→ **Exercise objective**: Please repeat exactly the lines below from the one containing "Rate these Puppies from a 1 to 10!" down to the one containing "Chồng tổ chức đấu bò, vợ bị bò húc chết", both included, and nothing else.

→ **Supplied material**:
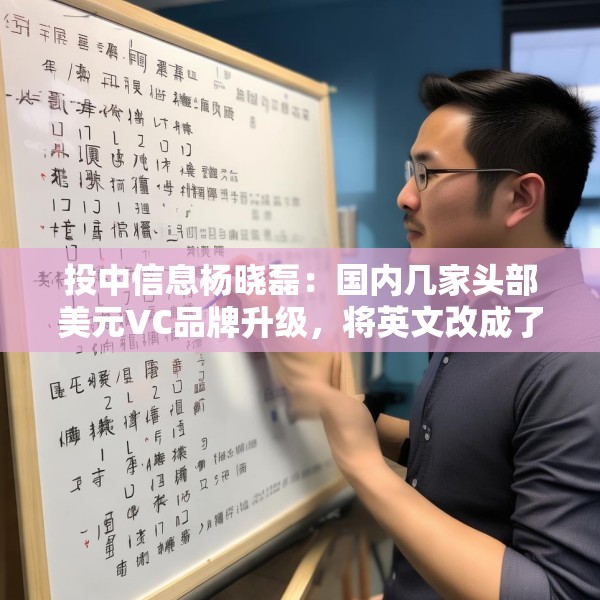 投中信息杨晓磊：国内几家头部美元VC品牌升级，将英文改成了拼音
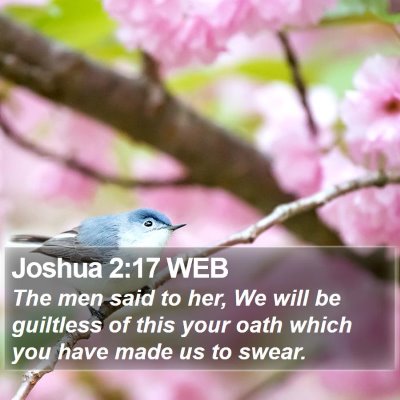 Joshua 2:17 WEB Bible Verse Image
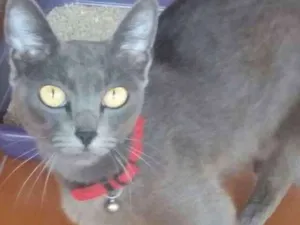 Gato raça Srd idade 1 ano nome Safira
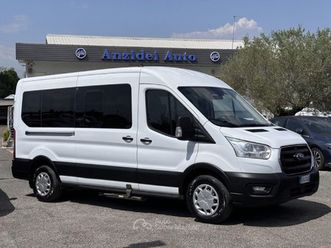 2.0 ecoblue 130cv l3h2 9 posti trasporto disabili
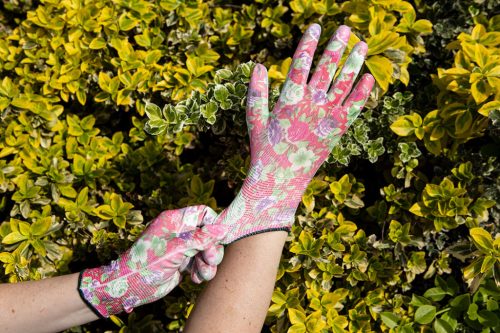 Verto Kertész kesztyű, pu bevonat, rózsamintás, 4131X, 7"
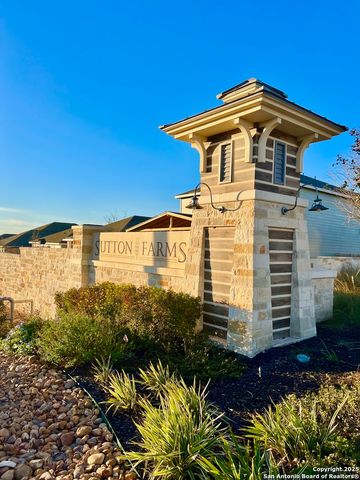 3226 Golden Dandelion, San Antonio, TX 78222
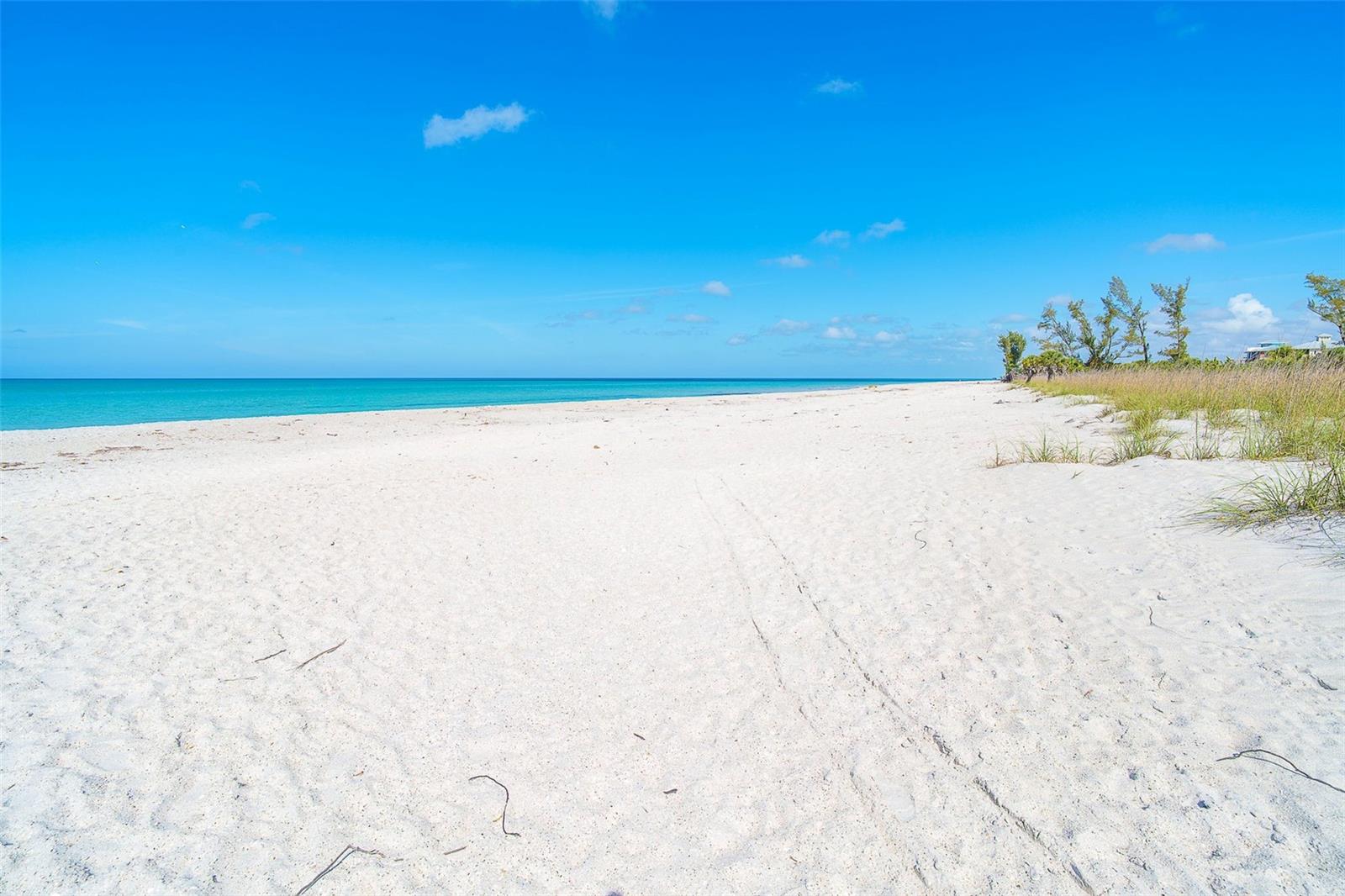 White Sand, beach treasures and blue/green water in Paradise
==
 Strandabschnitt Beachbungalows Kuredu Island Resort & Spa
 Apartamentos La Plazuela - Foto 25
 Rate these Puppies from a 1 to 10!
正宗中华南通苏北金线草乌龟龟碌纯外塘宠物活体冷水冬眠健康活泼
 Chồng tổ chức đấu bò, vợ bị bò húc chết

→ **Reply**:
 Rate these Puppies from a 1 to 10!
正宗中华南通苏北金线草乌龟龟碌纯外塘宠物活体冷水冬眠健康活泼
 Chồng tổ chức đấu bò, vợ bị bò húc chết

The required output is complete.